THE INPUT START

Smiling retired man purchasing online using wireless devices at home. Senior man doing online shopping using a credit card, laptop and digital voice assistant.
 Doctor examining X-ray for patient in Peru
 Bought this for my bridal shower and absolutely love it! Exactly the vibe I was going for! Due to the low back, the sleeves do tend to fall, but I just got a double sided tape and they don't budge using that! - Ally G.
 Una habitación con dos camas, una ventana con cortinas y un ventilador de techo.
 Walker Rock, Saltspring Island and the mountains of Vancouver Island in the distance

THE INPUT END

Among the lines of the data above, count those containing the word "using" and report the total alone.

2